[Pallas] Indirect gather via one-hot matmul codegen

thcmbs · thcmbs · commit eb0009411564 · 2026-04-17T09:41:52.000Z
diff --git a/helion/_compiler/pallas/plan_tiling.py b/helion/_compiler/pallas/plan_tiling.py
@@ -64,6 +64,17 @@ class NonePattern(IndexingPattern):
     """None index pattern (broadcasting dimension) - allow tiling."""
 
 
+@dataclass
+class IndirectGatherPattern(IndexingPattern):
+    """Pattern for table[idx_tensor, :] where idx_tensor is a runtime tensor.
+
+    Codegen emits one_hot(idx, V) @ table. The table's first dim gets a None
+    BlockSpec (entire table in VMEM, no tiling on that dim).
+    """
+
+    idx_block_id: int | None = None
+
+
 @dataclass
 class DimensionTiling:
     """Tiling decision for a specific dimension of a tensor
@@ -183,6 +194,11 @@ def _detect_indexing_pattern(
 
     if isinstance(idx, torch.fx.Node):
         idx_val = idx.meta.get("val")
+        if isinstance(idx_val, torch.Tensor):
+            idx_block_id: int | None = None
+            if idx_val.ndim >= 1:
+                idx_block_id = env.get_block_id(idx_val.shape[0])
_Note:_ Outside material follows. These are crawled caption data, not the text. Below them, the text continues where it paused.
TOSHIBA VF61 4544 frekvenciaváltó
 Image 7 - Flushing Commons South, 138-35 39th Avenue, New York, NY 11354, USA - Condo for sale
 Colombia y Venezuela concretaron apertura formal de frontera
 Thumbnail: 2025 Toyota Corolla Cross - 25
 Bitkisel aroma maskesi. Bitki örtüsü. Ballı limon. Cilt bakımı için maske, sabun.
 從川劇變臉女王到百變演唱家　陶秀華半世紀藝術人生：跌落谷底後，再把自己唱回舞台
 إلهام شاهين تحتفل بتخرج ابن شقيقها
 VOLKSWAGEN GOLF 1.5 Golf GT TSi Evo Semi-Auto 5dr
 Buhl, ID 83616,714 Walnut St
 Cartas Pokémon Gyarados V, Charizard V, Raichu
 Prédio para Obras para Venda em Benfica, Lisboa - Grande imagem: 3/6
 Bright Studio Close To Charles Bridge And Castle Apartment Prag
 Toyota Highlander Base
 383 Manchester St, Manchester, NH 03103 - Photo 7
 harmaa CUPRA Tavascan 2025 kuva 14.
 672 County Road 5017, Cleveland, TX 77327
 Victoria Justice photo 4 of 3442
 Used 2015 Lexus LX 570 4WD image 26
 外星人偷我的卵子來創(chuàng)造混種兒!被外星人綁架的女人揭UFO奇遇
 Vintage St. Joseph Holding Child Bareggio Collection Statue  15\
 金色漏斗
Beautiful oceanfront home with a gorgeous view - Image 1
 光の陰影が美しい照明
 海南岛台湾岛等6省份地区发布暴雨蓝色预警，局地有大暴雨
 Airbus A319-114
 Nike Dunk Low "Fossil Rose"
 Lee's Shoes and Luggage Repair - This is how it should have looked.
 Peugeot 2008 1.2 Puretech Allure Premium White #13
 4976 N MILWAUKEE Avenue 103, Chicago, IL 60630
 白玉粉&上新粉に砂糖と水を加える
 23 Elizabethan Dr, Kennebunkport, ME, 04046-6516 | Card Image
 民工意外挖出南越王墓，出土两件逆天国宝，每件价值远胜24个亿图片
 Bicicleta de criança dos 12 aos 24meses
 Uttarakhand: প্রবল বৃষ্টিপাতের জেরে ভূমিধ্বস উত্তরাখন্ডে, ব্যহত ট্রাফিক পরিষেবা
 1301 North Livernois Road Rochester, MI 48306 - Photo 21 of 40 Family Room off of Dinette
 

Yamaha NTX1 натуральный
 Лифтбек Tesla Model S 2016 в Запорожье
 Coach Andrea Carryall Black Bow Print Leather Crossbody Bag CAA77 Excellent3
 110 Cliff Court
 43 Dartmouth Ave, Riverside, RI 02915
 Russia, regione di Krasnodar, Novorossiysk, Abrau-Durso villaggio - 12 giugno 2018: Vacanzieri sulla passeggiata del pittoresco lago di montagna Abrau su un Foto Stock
+            return IndirectGatherPattern(idx_block_id=idx_block_id)
         if isinstance(idx_val, torch.SymInt):
             block_id = env.get_block_id(idx_val)
             if block_id is not None:
@@ -270,6 +286,9 @@ def _try_set_tiling_block_id(new_block_id: int) -> None:
     elif isinstance(pattern, NonePattern):
         pass
 
+    elif isinstance(pattern, IndirectGatherPattern):
+        _disallow_tiling()
+
     if isinstance(pattern, (TilePattern, TileBeginWithOffsetPattern)):
         block_size = env.block_sizes[pattern.block_id].from_config(config)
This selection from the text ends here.